- _Problem description_:
Find "Boutique brand floral" in the entries below; copy that line through the last, exactly, with no pictures.

- _Material provided_:
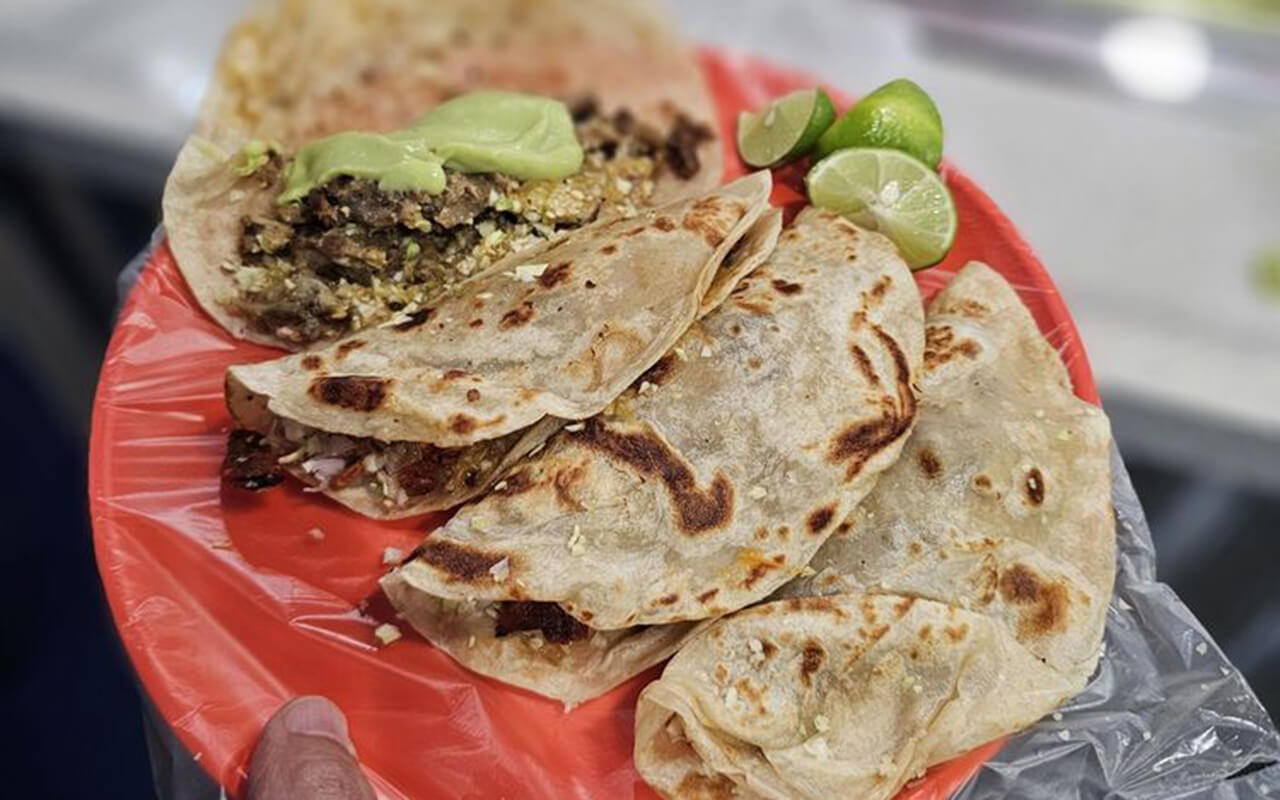 Tacos La Carreta: Savoring Mazatlán-Style Steak Tacos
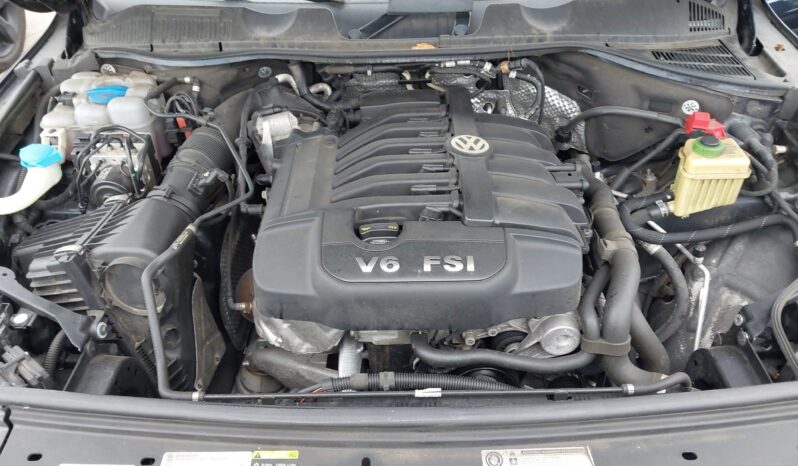 
								Volkswagen Touareg full									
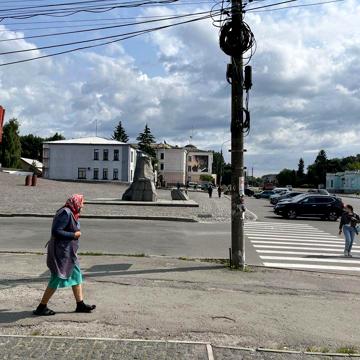 Здається на довготривалий термін 3-ох кімнатна квартира в центрі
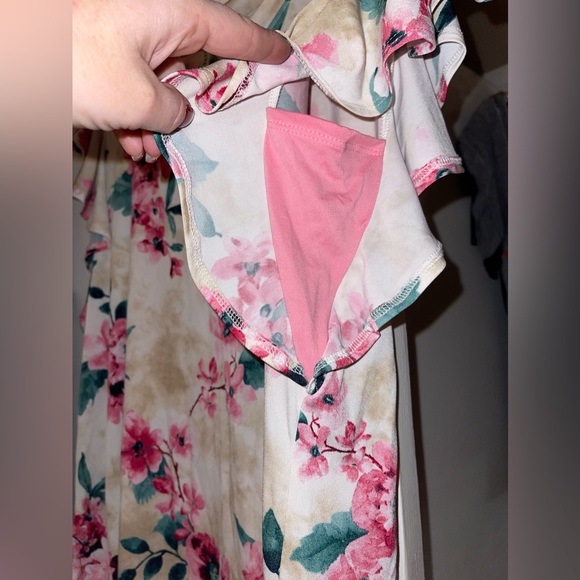 Boutique brand floral top with flutter sleeves. Cute pink underarm detail. - Picture 3 of 3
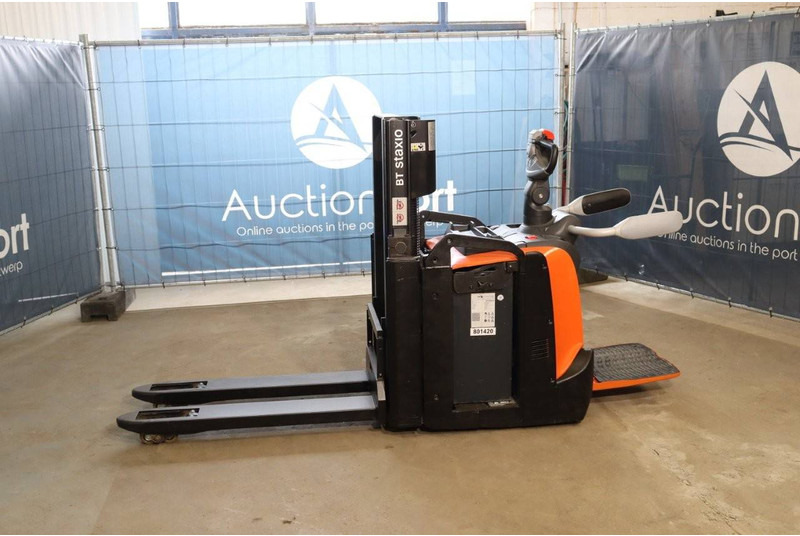 Toyota SPE200D - Stacker: foto 1 Toyota SPE200D - Stacker: foto 1
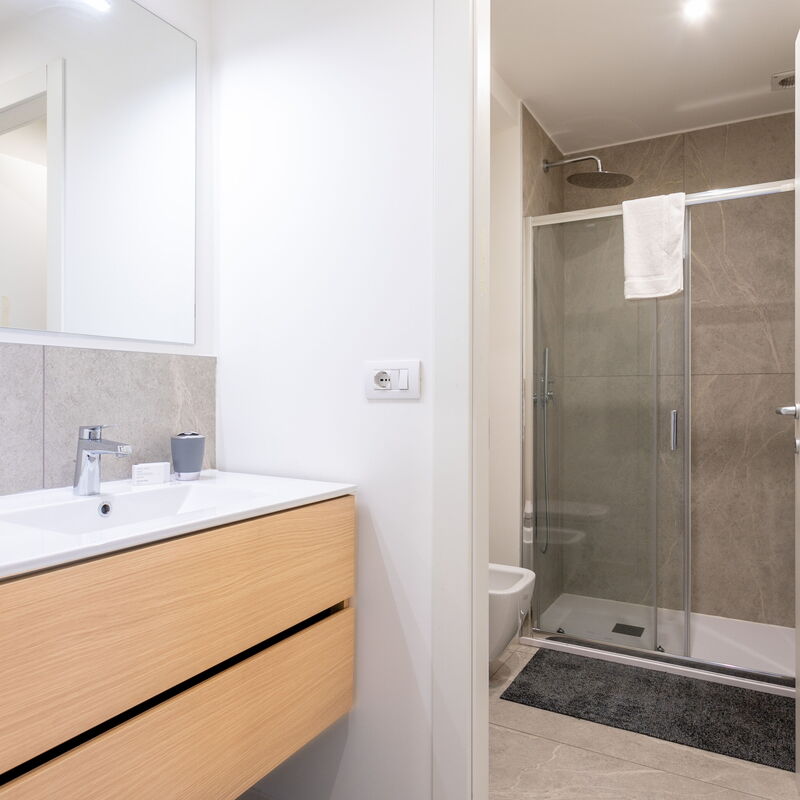 Console Marcello: Bathroom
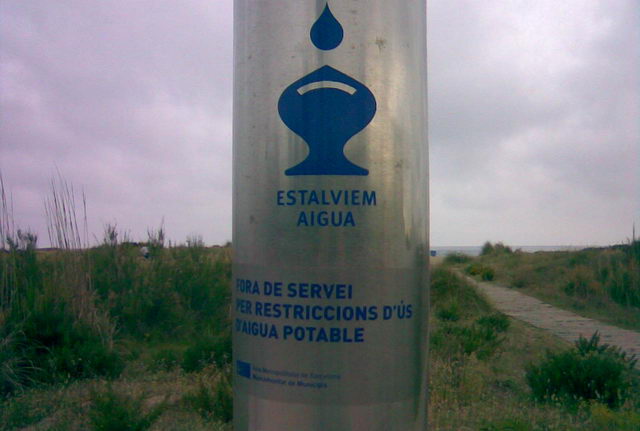Ducha en la playa de Gavà Mar fuera de servicio por las restricciones de uso de agua potable debidas a la sequía (Abril de 2008)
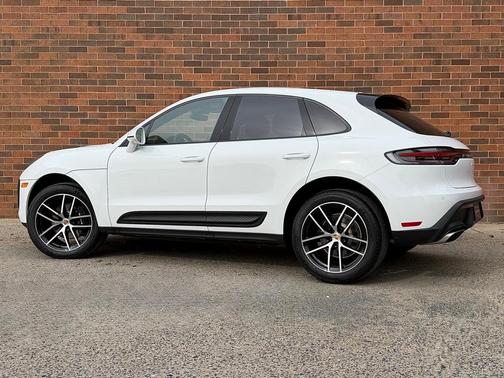 2026 Porsche Macan Base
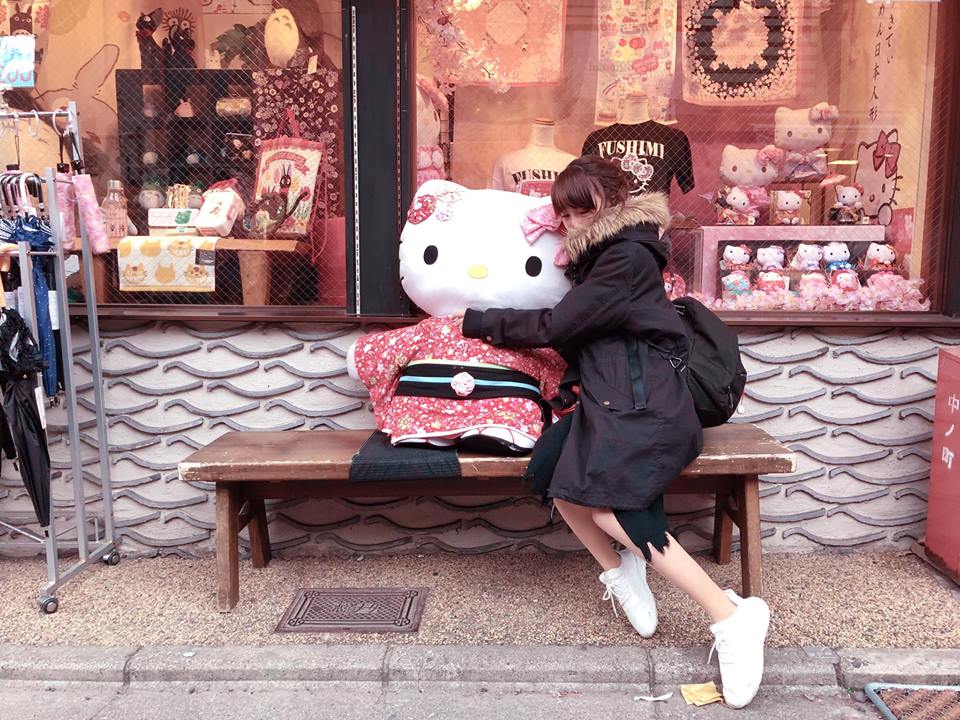 Em mèo dễ thương ở góc hàng lưu niệm Fushimi, được mấy bạn nữ xếp hàng chụp như idol vậy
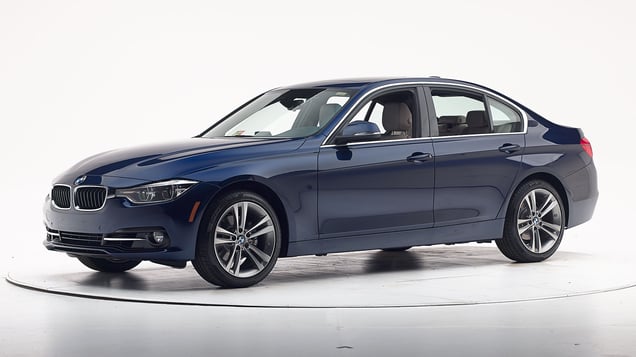 2017 BMW 3 series 4-door sedan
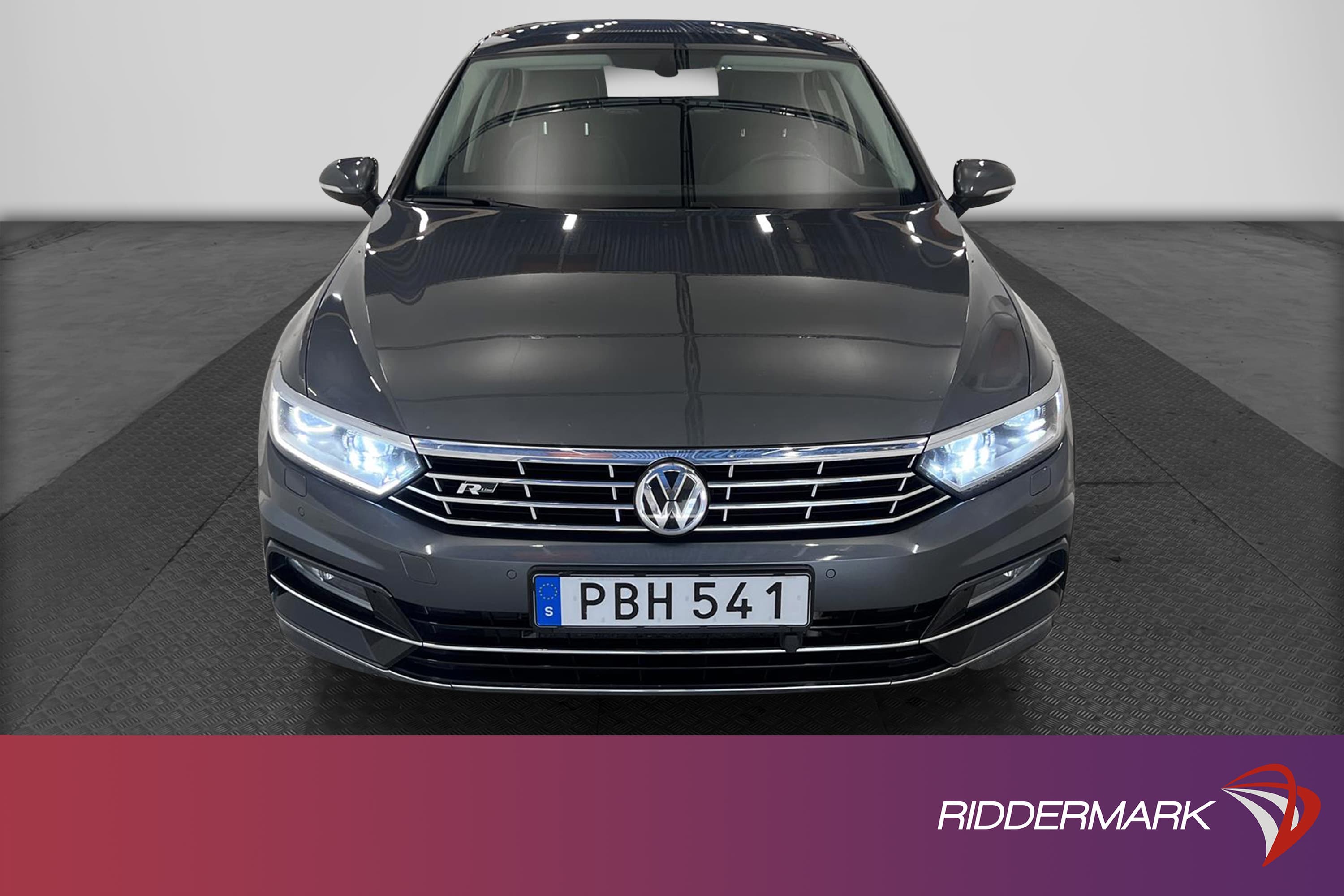 Volkswagen Passat 2.0 TDI 4M 190hk R Line B-Kamera  D-Värm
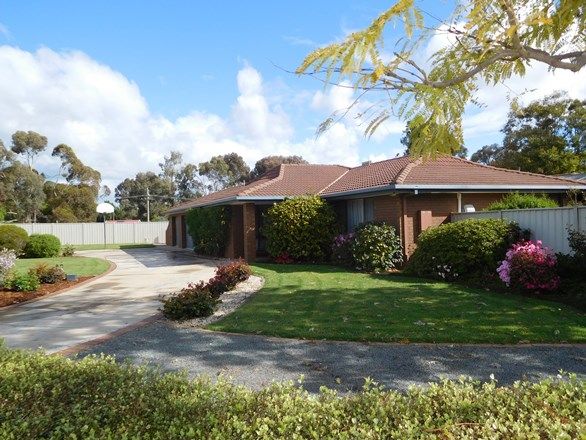 Picture of 2 Sheffie Court, GRAHAMVALE VIC 3631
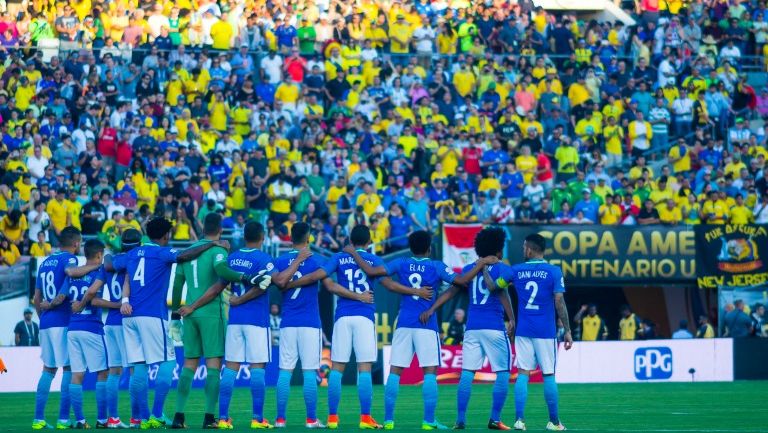 Los jugadores de Brasil previo al partido frente a Ecuador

- _Output for this task_:
 Boutique brand floral top with flutter sleeves. Cute pink underarm detail. - Picture 3 of 3
 Toyota SPE200D - Stacker: foto 1 Toyota SPE200D - Stacker: foto 1
 Console Marcello: Bathroom
Ducha en la playa de Gavà Mar fuera de servicio por las restricciones de uso de agua potable debidas a la sequía (Abril de 2008)
 2026 Porsche Macan Base
 Em mèo dễ thương ở góc hàng lưu niệm Fushimi, được mấy bạn nữ xếp hàng chụp như idol vậy
 2017 BMW 3 series 4-door sedan
 Volkswagen Passat 2.0 TDI 4M 190hk R Line B-Kamera  D-Värm
 Picture of 2 Sheffie Court, GRAHAMVALE VIC 3631
 Los jugadores de Brasil previo al partido frente a Ecuador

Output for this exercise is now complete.